**THE PROBLEM**
Your output must match the data word for word, with every line included.

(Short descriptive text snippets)
● ● ● ●

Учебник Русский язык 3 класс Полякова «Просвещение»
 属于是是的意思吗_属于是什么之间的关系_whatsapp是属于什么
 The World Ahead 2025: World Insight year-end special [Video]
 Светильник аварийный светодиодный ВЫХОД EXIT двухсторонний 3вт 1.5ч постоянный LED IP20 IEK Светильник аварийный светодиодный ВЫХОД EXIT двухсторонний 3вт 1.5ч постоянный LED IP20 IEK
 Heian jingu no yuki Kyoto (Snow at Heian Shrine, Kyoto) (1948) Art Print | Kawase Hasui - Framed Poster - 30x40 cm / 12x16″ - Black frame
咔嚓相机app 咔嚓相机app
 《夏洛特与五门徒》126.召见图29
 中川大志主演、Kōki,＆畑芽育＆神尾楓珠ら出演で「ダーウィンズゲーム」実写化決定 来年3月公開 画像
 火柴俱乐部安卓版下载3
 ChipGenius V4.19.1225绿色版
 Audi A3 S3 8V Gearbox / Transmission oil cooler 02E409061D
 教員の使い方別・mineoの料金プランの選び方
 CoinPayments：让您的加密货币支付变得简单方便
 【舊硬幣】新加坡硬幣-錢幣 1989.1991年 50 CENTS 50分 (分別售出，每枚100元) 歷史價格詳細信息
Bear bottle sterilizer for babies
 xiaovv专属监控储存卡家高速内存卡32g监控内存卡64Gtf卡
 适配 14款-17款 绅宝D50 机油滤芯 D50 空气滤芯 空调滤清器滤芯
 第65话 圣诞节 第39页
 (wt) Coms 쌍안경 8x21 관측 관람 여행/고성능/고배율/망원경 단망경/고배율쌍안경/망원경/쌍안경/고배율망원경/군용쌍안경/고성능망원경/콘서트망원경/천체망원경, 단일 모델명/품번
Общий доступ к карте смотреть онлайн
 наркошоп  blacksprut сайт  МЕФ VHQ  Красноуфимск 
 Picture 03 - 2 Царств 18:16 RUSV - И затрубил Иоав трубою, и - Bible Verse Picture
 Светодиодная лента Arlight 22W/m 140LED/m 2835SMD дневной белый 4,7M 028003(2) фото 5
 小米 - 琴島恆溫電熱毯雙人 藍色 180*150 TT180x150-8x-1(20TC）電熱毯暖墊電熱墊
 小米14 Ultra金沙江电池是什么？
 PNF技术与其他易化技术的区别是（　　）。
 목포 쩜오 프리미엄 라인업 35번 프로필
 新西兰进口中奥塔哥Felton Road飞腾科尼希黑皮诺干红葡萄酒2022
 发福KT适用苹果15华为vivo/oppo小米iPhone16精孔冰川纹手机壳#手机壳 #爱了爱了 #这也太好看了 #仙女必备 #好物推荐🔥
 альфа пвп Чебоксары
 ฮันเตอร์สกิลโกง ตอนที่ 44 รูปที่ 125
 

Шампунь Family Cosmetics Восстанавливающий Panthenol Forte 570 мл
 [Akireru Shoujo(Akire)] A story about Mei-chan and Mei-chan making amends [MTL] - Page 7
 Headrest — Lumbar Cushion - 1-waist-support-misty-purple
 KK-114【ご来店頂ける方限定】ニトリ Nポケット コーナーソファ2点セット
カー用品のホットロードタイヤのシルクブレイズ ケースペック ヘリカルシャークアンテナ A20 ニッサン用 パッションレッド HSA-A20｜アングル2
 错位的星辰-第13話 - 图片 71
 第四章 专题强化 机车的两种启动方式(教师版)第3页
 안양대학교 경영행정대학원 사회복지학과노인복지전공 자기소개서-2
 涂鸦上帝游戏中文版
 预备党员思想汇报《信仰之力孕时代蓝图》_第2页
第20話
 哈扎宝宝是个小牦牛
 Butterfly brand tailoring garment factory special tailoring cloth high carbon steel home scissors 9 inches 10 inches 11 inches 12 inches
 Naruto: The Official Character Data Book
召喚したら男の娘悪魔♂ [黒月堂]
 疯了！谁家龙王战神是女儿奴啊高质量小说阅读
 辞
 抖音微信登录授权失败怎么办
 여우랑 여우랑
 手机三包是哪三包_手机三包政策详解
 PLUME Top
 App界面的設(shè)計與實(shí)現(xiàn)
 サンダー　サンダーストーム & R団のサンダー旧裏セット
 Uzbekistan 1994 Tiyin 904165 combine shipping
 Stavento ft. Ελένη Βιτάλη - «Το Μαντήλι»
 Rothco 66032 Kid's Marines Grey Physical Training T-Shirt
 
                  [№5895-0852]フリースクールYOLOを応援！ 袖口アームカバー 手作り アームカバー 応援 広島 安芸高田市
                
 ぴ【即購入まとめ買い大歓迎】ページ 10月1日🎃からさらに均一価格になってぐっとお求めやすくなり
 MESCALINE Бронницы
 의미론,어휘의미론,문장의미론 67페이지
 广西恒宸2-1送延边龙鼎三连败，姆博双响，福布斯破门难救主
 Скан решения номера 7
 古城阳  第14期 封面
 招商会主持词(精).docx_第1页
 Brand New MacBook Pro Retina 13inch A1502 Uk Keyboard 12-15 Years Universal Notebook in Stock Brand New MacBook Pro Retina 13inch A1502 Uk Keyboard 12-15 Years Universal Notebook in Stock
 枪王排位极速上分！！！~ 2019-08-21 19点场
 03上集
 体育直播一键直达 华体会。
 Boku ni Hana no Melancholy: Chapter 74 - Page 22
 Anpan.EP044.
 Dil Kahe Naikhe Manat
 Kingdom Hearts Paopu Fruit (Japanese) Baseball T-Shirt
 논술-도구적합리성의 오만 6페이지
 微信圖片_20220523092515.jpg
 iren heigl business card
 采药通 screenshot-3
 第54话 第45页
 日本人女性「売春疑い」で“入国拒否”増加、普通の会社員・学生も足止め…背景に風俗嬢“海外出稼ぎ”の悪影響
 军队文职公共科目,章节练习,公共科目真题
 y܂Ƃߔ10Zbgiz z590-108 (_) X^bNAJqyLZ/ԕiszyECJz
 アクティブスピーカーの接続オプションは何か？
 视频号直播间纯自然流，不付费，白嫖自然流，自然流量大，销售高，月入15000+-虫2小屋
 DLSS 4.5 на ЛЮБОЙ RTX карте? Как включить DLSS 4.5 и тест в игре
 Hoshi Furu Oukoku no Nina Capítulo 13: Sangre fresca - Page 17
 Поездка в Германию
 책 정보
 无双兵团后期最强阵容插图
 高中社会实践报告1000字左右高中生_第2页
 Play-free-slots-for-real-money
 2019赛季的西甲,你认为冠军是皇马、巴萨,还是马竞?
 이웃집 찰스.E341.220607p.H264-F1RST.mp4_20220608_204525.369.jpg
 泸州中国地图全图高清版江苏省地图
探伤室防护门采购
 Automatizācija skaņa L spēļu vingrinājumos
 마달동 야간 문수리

● ● ● ●

**EXERCISE RESPONSE**
Учебник Русский язык 3 класс Полякова «Просвещение»
 属于是是的意思吗_属于是什么之间的关系_whatsapp是属于什么
 The World Ahead 2025: World Insight year-end special [Video]
 Светильник аварийный светодиодный ВЫХОД EXIT двухсторонний 3вт 1.5ч постоянный LED IP20 IEK Светильник аварийный светодиодный ВЫХОД EXIT двухсторонний 3вт 1.5ч постоянный LED IP20 IEK
 Heian jingu no yuki Kyoto (Snow at Heian Shrine, Kyoto) (1948) Art Print | Kawase Hasui - Framed Poster - 30x40 cm / 12x16″ - Black frame
咔嚓相机app 咔嚓相机app
 《夏洛特与五门徒》126.召见图29
 中川大志主演、Kōki,＆畑芽育＆神尾楓珠ら出演で「ダーウィンズゲーム」実写化決定 来年3月公開 画像
 火柴俱乐部安卓版下载3
 ChipGenius V4.19.1225绿色版
 Audi A3 S3 8V Gearbox / Transmission oil cooler 02E409061D
 教員の使い方別・mineoの料金プランの選び方
 CoinPayments：让您的加密货币支付变得简单方便
 【舊硬幣】新加坡硬幣-錢幣 1989.1991年 50 CENTS 50分 (分別售出，每枚100元) 歷史價格詳細信息
Bear bottle sterilizer for babies
 xiaovv专属监控储存卡家高速内存卡32g监控内存卡64Gtf卡
 适配 14款-17款 绅宝D50 机油滤芯 D50 空气滤芯 空调滤清器滤芯
 第65话 圣诞节 第39页
 (wt) Coms 쌍안경 8x21 관측 관람 여행/고성능/고배율/망원경 단망경/고배율쌍안경/망원경/쌍안경/고배율망원경/군용쌍안경/고성능망원경/콘서트망원경/천체망원경, 단일 모델명/품번
Общий доступ к карте смотреть онлайн
 наркошоп  blacksprut сайт  МЕФ VHQ  Красноуфимск 
 Picture 03 - 2 Царств 18:16 RUSV - И затрубил Иоав трубою, и - Bible Verse Picture
 Светодиодная лента Arlight 22W/m 140LED/m 2835SMD дневной белый 4,7M 028003(2) фото 5
 小米 - 琴島恆溫電熱毯雙人 藍色 180*150 TT180x150-8x-1(20TC）電熱毯暖墊電熱墊
 小米14 Ultra金沙江电池是什么？
 PNF技术与其他易化技术的区别是（　　）。
 목포 쩜오 프리미엄 라인업 35번 프로필
 新西兰进口中奥塔哥Felton Road飞腾科尼希黑皮诺干红葡萄酒2022
 发福KT适用苹果15华为vivo/oppo小米iPhone16精孔冰川纹手机壳#手机壳 #爱了爱了 #这也太好看了 #仙女必备 #好物推荐🔥
 альфа пвп Чебоксары
 ฮันเตอร์สกิลโกง ตอนที่ 44 รูปที่ 125
 

Шампунь Family Cosmetics Восстанавливающий Panthenol Forte 570 мл
 [Akireru Shoujo(Akire)] A story about Mei-chan and Mei-chan making amends [MTL] - Page 7
 Headrest — Lumbar Cushion - 1-waist-support-misty-purple
 KK-114【ご来店頂ける方限定】ニトリ Nポケット コーナーソファ2点セット
カー用品のホットロードタイヤのシルクブレイズ ケースペック ヘリカルシャークアンテナ A20 ニッサン用 パッションレッド HSA-A20｜アングル2
 错位的星辰-第13話 - 图片 71
 第四章 专题强化 机车的两种启动方式(教师版)第3页
 안양대학교 경영행정대학원 사회복지학과노인복지전공 자기소개서-2
 涂鸦上帝游戏中文版
 预备党员思想汇报《信仰之力孕时代蓝图》_第2页
第20話
 哈扎宝宝是个小牦牛
 Butterfly brand tailoring garment factory special tailoring cloth high carbon steel home scissors 9 inches 10 inches 11 inches 12 inches
 Naruto: The Official Character Data Book
召喚したら男の娘悪魔♂ [黒月堂]
 疯了！谁家龙王战神是女儿奴啊高质量小说阅读
 辞
 抖音微信登录授权失败怎么办
 여우랑 여우랑
 手机三包是哪三包_手机三包政策详解
 PLUME Top
 App界面的設(shè)計與實(shí)現(xiàn)
 サンダー　サンダーストーム & R団のサンダー旧裏セット
 Uzbekistan 1994 Tiyin 904165 combine shipping
 Stavento ft. Ελένη Βιτάλη - «Το Μαντήλι»
 Rothco 66032 Kid's Marines Grey Physical Training T-Shirt
 
                  [№5895-0852]フリースクールYOLOを応援！ 袖口アームカバー 手作り アームカバー 応援 広島 安芸高田市
                
 ぴ【即購入まとめ買い大歓迎】ページ 10月1日🎃からさらに均一価格になってぐっとお求めやすくなり
 MESCALINE Бронницы
 의미론,어휘의미론,문장의미론 67페이지
 广西恒宸2-1送延边龙鼎三连败，姆博双响，福布斯破门难救主
 Скан решения номера 7
 古城阳  第14期 封面
 招商会主持词(精).docx_第1页
 Brand New MacBook Pro Retina 13inch A1502 Uk Keyboard 12-15 Years Universal Notebook in Stock Brand New MacBook Pro Retina 13inch A1502 Uk Keyboard 12-15 Years Universal Notebook in Stock
 枪王排位极速上分！！！~ 2019-08-21 19点场
 03上集
 体育直播一键直达 华体会。
 Boku ni Hana no Melancholy: Chapter 74 - Page 22
 Anpan.EP044.
 Dil Kahe Naikhe Manat
 Kingdom Hearts Paopu Fruit (Japanese) Baseball T-Shirt
 논술-도구적합리성의 오만 6페이지
 微信圖片_20220523092515.jpg
 iren heigl business card
 采药通 screenshot-3
 第54话 第45页
 日本人女性「売春疑い」で“入国拒否”増加、普通の会社員・学生も足止め…背景に風俗嬢“海外出稼ぎ”の悪影響
 军队文职公共科目,章节练习,公共科目真题
 y܂Ƃߔ10Zbgiz z590-108 (_) X^bNAJqyLZ/ԕiszyECJz
 アクティブスピーカーの接続オプションは何か？
 视频号直播间纯自然流，不付费，白嫖自然流，自然流量大，销售高，月入15000+-虫2小屋
 DLSS 4.5 на ЛЮБОЙ RTX карте? Как включить DLSS 4.5 и тест в игре
 Hoshi Furu Oukoku no Nina Capítulo 13: Sangre fresca - Page 17
 Поездка в Германию
 책 정보
 无双兵团后期最强阵容插图
 高中社会实践报告1000字左右高中生_第2页
 Play-free-slots-for-real-money
 2019赛季的西甲,你认为冠军是皇马、巴萨,还是马竞?
 이웃집 찰스.E341.220607p.H264-F1RST.mp4_20220608_204525.369.jpg
 泸州中国地图全图高清版江苏省地图
探伤室防护门采购
 Automatizācija skaņa L spēļu vingrinājumos
 마달동 야간 문수리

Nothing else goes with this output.